| ← 221 | 222 | 223 → |
- Cardinal: two hundred twenty-two
- Ordinal: 222nd (two hundred twenty-second)
- Factorization: 2 × 3 × 37
- Divisors: 1, 2, 3, 6, 37, 74, 111, 222
- Greek numeral: ΣΚΒ´
- Roman numeral: CCXXII, ccxxii
- Binary: 11011110_{2}
- Ternary: 22020_{3}
- Senary: 1010_{6}
- Octal: 336_{8}
- Duodecimal: 166_{12}
- Hexadecimal: DE_{16}

= 222 (number) =

222 (two hundred [and] twenty-two) is the natural number following 221 and preceding 223.

== In mathematics ==
It is a decimal repdigit and a strobogrammatic number (meaning that it looks the same turned upside down on a calculator display). It is one of the numbers whose digit sum in decimal is the same as it is in binary.

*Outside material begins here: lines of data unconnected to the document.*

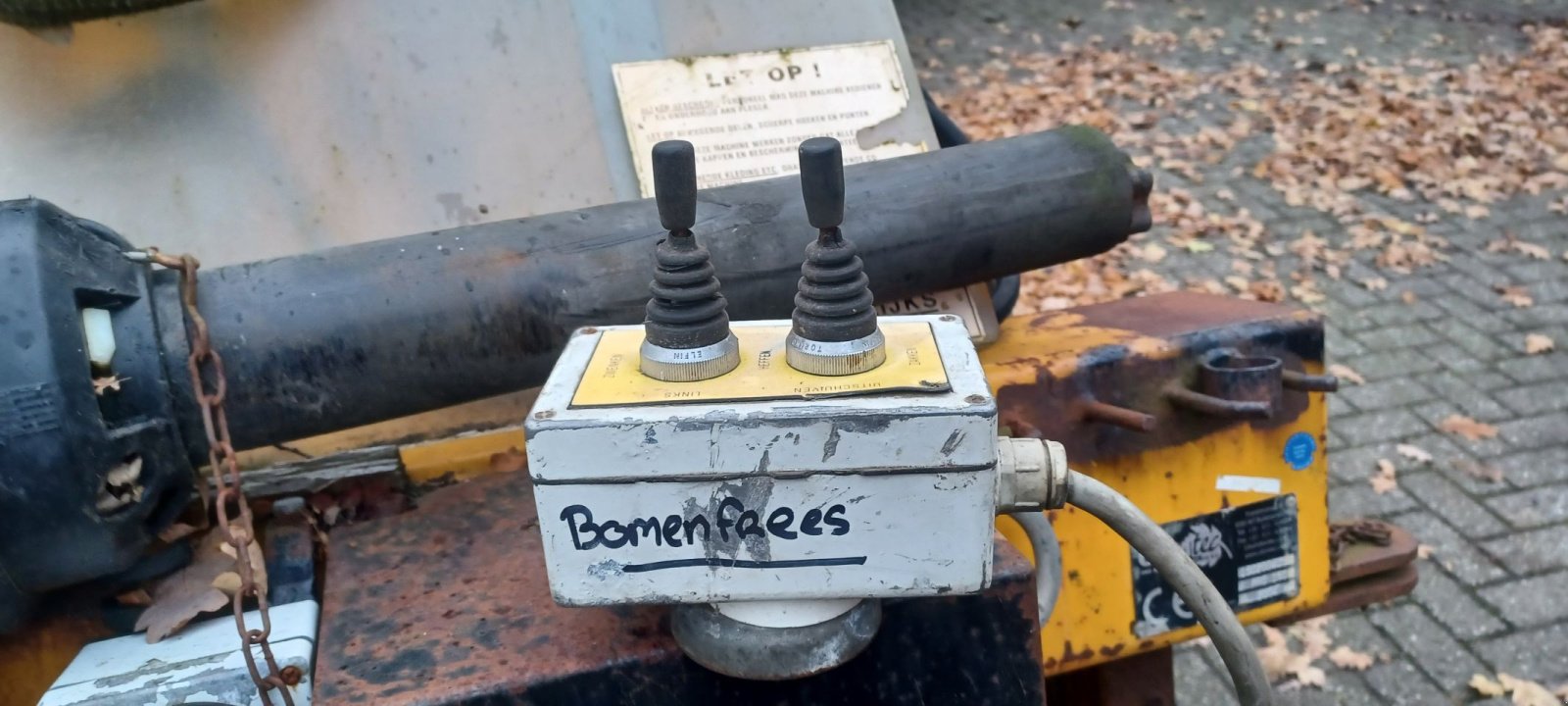 Forstfräse & Forstmulcher des Typs Sonstige obm pro 150, Gebrauchtmaschine in Mariahout (Bild 9)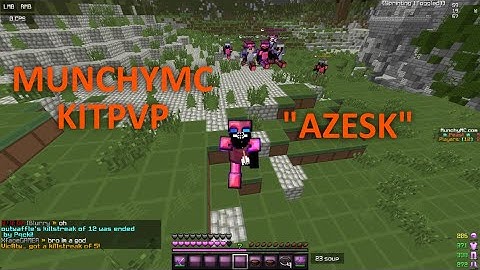 MunchyMC KitPVP EP 1: AzesK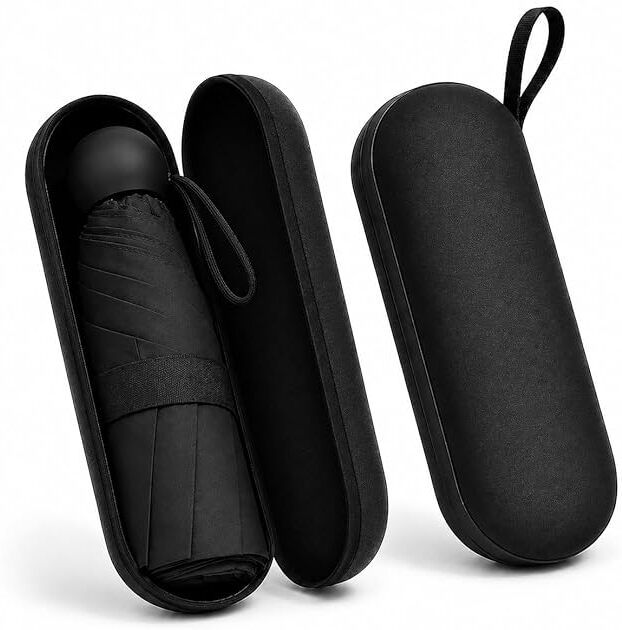 crayova Capsule Umbrella Mini Foldable and Pocket Friendly | UV & Rain Protection - C13 Umbrella-picture-34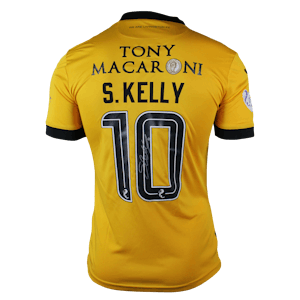 Stephen Kelly Livingston jersey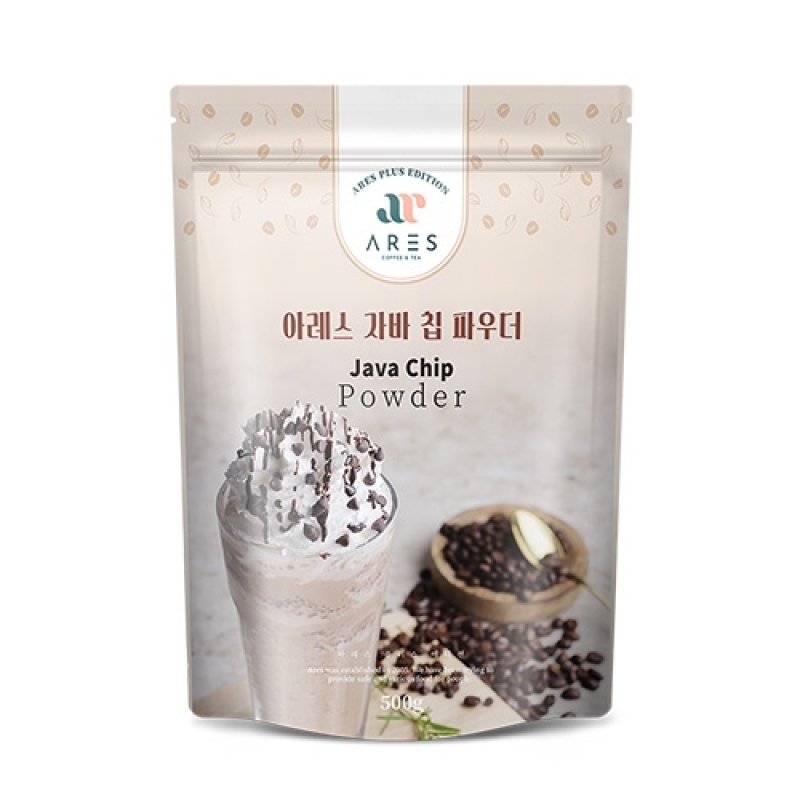 [유통기한임박 2025.07.23] 아레스 자바칩 파우더 500g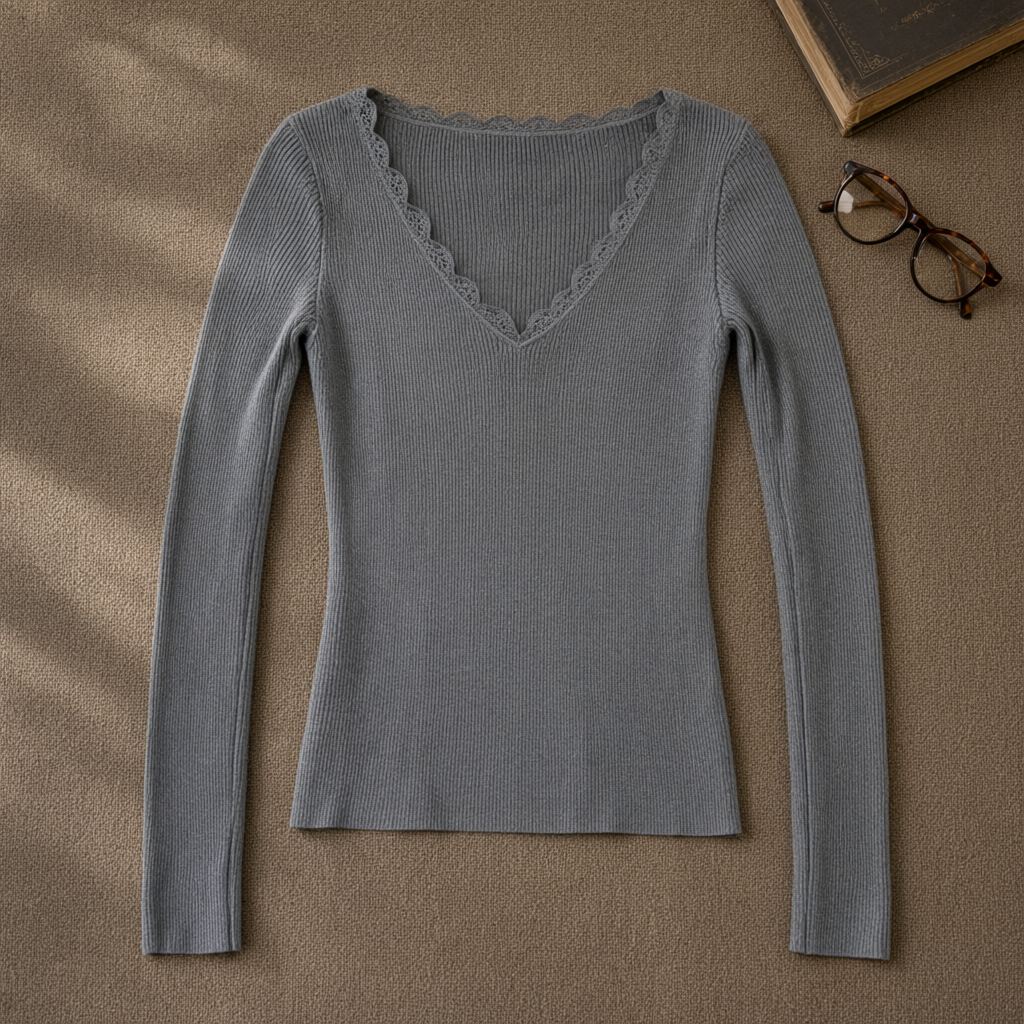Jersey Cecilia desde arriba para mujer Angara Moda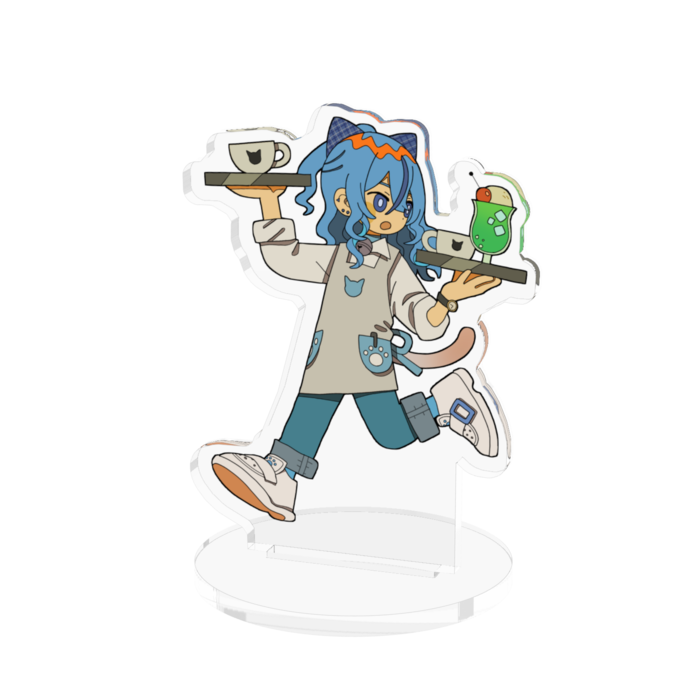 アクリルフィギュア - 70x70mm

222 is a noncototient, meaning that it cannot be written in the form n − φ(n) where φ is Euler's totient function counting the number of values that are smaller than n and relatively prime to it.

There are exactly 222 distinct ways of assigning a meet and join operation to a set of ten unlabelled elements in order to give them the structure of a lattice, and exactly 222 different six-edge polysticks.